I finally got to take my 08 Cheyenne on its first night out. 

I noticed a few little gremlins, one in particular was the verrrry slow draining kitchen sink, and also the same with the bathroom sink. 

Is it usually like this?


----------



## Pudsey_Bear (Sep 25, 2008)

northturton said:


> I finally got to take my 08 Cheyenne on its first night out.
> 
> I noticed a few little gremlins, one in particular was the verrrry slow draining kitchen sink, and also the same with the bathroom sink.
> 
> Is it usually like this?


They are probably made up with debris etc, sometimes a back flush can help clear them, if you don't get anywhere with the clean outs or can't find any, but it needs to be done VERY GENTLY or the will be a mess, sometimes snaking with a small cable helps, but again be gentle.


----------



## Rudderman (May 31, 2005)

I found the same problem, many years ago, with my swift Sundance.
I put a small vent on the top of the waste tank which cured the problem.
When water goes into the tank it's pushing against the air trying to get out!


----------



## BillCreer (Jan 23, 2010)

Were you parked on a slope? If so try it draining when parked with a slope going the other way.


----------



## tugboat (Sep 14, 2013)

I have the same problem. If your grey tank is well aft, there will be long lengths of horizontal pipe so draining will be slow. I wondered about a tank vent, but it made no difference even with the tank empty and the drain valve open.

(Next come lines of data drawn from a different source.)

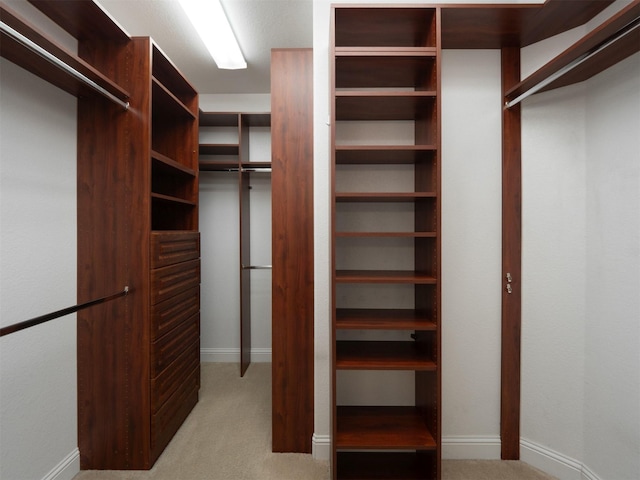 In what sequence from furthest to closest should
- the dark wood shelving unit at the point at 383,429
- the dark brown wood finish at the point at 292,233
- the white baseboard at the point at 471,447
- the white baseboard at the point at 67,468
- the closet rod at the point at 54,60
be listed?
the dark brown wood finish at the point at 292,233 → the white baseboard at the point at 471,447 → the white baseboard at the point at 67,468 → the dark wood shelving unit at the point at 383,429 → the closet rod at the point at 54,60

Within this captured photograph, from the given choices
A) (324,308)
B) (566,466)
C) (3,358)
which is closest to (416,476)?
(566,466)

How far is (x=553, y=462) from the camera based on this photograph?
167 cm

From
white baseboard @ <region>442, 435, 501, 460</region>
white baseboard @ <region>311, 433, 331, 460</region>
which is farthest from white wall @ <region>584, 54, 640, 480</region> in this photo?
white baseboard @ <region>311, 433, 331, 460</region>

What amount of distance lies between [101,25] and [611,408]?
3.19 metres

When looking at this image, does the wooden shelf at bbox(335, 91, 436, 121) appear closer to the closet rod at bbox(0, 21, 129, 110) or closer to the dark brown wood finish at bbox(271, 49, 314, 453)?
the dark brown wood finish at bbox(271, 49, 314, 453)

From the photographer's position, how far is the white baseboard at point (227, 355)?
3.23 metres

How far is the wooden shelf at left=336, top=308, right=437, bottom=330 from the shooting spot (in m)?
1.47

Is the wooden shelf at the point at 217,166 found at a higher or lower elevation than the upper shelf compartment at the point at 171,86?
lower

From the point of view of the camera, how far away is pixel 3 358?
1324 mm

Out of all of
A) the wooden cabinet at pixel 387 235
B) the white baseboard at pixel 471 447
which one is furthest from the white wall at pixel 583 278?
the wooden cabinet at pixel 387 235

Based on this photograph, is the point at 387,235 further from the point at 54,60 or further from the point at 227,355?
the point at 227,355

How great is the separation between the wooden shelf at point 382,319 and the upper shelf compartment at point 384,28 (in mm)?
1322

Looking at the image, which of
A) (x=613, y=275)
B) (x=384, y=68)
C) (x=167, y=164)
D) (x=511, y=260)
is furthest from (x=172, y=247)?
(x=613, y=275)

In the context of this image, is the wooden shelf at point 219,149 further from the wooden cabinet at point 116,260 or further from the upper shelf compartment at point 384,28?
the upper shelf compartment at point 384,28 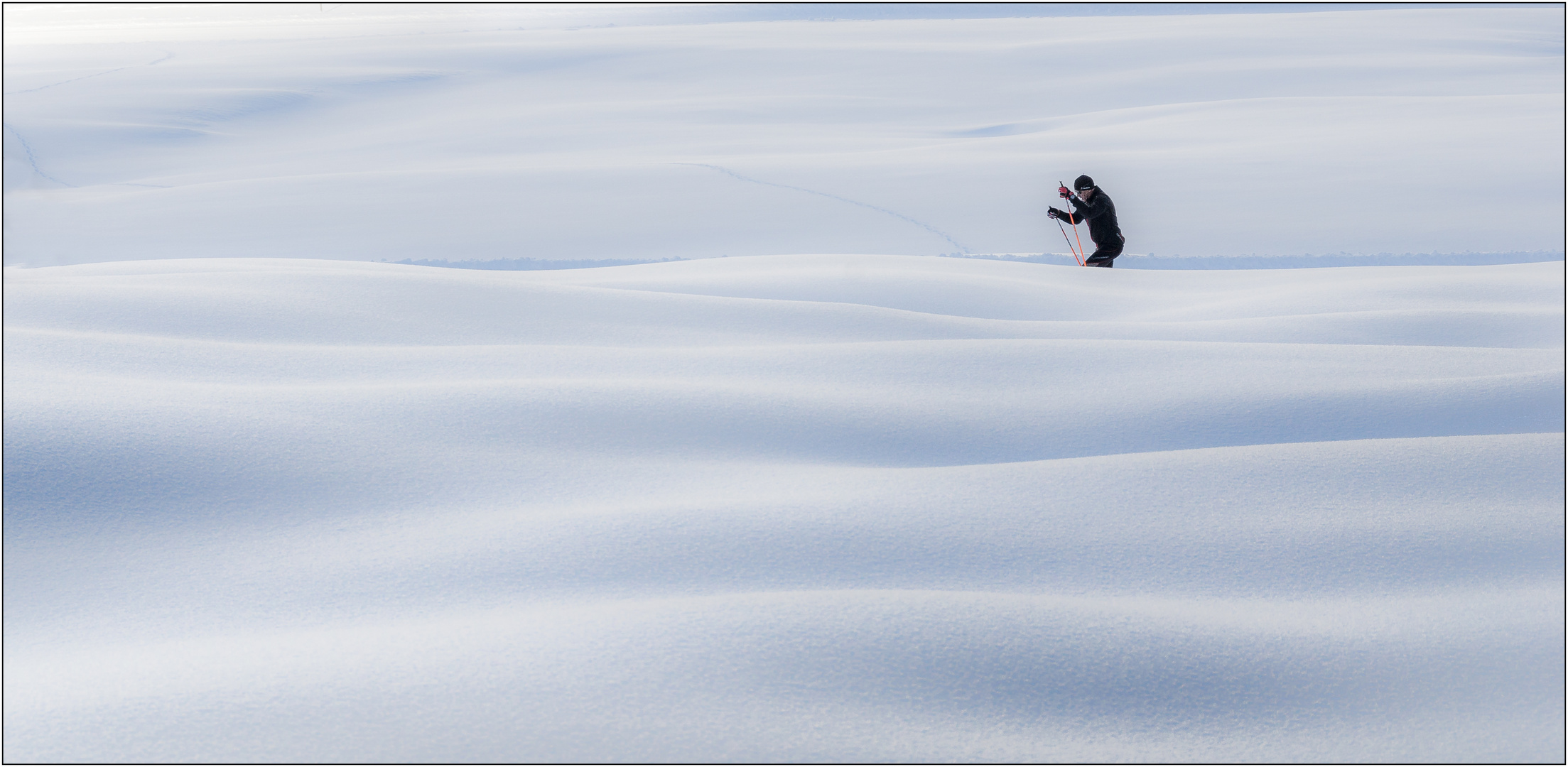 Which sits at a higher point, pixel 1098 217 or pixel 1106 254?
pixel 1098 217

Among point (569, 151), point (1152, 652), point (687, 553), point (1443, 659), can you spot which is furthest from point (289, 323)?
point (569, 151)

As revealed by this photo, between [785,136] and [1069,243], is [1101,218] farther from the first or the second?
[785,136]

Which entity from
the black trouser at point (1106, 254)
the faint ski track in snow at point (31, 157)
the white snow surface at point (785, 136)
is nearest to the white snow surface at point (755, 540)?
the black trouser at point (1106, 254)

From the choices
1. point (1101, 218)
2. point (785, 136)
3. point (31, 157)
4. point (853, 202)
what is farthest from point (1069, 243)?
point (31, 157)

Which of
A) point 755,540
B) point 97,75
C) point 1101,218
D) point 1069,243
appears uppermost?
point 97,75

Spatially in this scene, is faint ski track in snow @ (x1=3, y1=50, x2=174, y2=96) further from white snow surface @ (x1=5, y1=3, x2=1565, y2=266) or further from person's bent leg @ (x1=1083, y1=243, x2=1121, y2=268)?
person's bent leg @ (x1=1083, y1=243, x2=1121, y2=268)

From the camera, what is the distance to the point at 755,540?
2.00m

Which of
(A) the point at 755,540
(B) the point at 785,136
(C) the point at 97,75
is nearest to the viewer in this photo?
(A) the point at 755,540

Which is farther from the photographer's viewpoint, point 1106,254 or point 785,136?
point 785,136

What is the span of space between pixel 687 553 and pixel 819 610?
0.35m

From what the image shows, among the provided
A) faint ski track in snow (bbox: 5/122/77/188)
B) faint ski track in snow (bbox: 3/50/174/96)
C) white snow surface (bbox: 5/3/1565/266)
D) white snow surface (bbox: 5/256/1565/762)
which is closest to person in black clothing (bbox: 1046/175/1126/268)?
white snow surface (bbox: 5/3/1565/266)

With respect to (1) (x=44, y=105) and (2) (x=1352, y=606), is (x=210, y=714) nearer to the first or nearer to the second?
(2) (x=1352, y=606)

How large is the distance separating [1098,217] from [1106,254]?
0.55ft

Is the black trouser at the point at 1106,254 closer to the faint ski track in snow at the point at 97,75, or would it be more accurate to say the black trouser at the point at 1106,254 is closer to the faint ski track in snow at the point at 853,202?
the faint ski track in snow at the point at 853,202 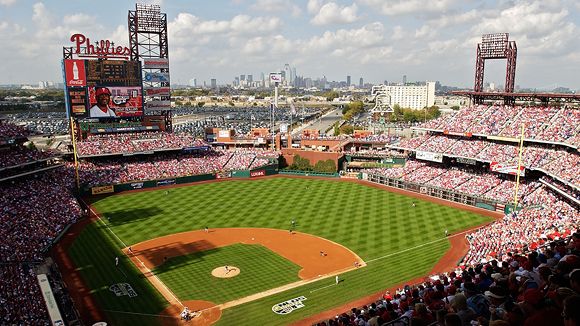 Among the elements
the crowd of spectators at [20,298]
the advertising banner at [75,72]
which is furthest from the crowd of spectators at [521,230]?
the advertising banner at [75,72]

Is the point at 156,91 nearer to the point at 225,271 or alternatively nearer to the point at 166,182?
the point at 166,182

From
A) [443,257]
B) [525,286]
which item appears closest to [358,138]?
[443,257]

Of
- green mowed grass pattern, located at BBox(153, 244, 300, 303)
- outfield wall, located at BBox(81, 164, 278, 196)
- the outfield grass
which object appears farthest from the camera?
outfield wall, located at BBox(81, 164, 278, 196)

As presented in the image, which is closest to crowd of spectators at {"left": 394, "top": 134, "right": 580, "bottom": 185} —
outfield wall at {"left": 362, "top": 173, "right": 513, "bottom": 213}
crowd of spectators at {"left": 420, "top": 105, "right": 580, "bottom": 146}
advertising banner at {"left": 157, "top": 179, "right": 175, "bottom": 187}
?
crowd of spectators at {"left": 420, "top": 105, "right": 580, "bottom": 146}

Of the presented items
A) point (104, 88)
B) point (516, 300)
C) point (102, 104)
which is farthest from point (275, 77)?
point (516, 300)

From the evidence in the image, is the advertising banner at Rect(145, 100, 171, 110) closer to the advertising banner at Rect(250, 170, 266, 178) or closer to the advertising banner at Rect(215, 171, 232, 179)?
the advertising banner at Rect(215, 171, 232, 179)

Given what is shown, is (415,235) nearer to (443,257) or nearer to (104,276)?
(443,257)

It does help a bit if you park slightly nose up with a spirit level. My main problem was getting rid of shaving soap residues, so now I tend to just wipe it off the top of the water with a piece of kitchen towel and let the water drain. My pipes were definitely clean, so think it's just a system design issue.


----------



## Pudsey_Bear (Sep 25, 2008)

tugboat said:


> I have the same problem. If your grey tank is well aft, there will be long lengths of horizontal pipe so draining will be slow. I wondered about a tank vent, but it made no difference even with the tank empty and the drain valve open.
> 
> It does help a bit if you park slightly nose up with a spirit level. My main problem was getting rid of shaving soap residues, so now I tend to just wipe it off the top of the water with a piece of kitchen towel and let the water drain. My pipes were definitely clean, so think it's just a system design issue.

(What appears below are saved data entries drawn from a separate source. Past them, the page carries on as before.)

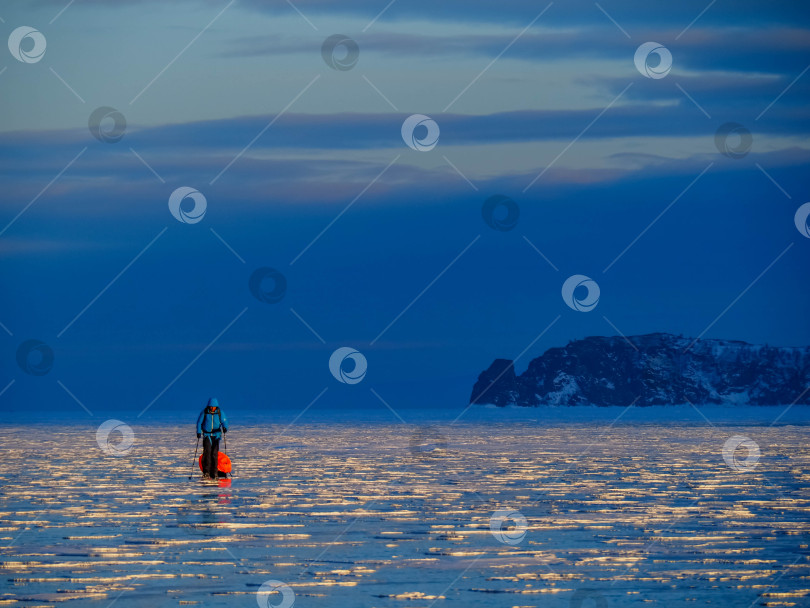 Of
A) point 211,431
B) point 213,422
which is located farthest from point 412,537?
point 211,431

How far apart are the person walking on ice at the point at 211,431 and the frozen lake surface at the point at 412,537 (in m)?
1.22

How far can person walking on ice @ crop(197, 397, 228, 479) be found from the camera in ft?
107

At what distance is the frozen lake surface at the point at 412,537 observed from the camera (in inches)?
617

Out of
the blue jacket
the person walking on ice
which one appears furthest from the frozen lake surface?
the blue jacket

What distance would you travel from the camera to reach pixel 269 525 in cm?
2231

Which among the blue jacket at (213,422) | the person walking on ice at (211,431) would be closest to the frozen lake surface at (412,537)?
the person walking on ice at (211,431)

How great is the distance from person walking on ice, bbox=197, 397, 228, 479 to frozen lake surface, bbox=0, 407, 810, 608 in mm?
1225

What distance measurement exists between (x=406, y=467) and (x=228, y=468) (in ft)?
24.1

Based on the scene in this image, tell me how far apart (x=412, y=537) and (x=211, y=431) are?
44.8ft

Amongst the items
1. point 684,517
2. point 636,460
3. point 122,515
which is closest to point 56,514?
point 122,515

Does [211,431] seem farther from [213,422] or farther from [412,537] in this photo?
[412,537]

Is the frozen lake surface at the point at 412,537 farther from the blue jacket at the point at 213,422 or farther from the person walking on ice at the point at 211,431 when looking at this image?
the blue jacket at the point at 213,422

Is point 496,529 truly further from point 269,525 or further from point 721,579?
point 721,579

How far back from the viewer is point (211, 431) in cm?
3303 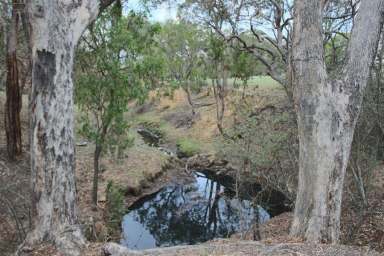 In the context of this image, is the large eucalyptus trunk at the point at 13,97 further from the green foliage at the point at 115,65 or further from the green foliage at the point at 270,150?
the green foliage at the point at 270,150

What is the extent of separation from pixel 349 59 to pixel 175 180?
554 inches

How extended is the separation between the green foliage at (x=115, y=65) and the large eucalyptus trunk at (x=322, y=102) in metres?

Why not wipe it off your face instead Tuggs, then just bin it, it's won't be as wet either.

Another tip from Yarkhshear  

Or act your age and grow a beard, you'll be able to manage one now > >

Who are you trying to impress, Ellie?


----------



## Harrers (Dec 21, 2011)

Autotrail plumbers do expect water to run uphill sometimes. I think Jan Hank had problems with their new Autotrail and re-routed the waste pipe. Our kitchen sink waste is a bit horizontal and I don't normally look for a perfectly level pitch or worry about levelling up but then find that the kitchen sink can take an age to run away.

Before doing anything drastic have a look at the run of the pipes.


----------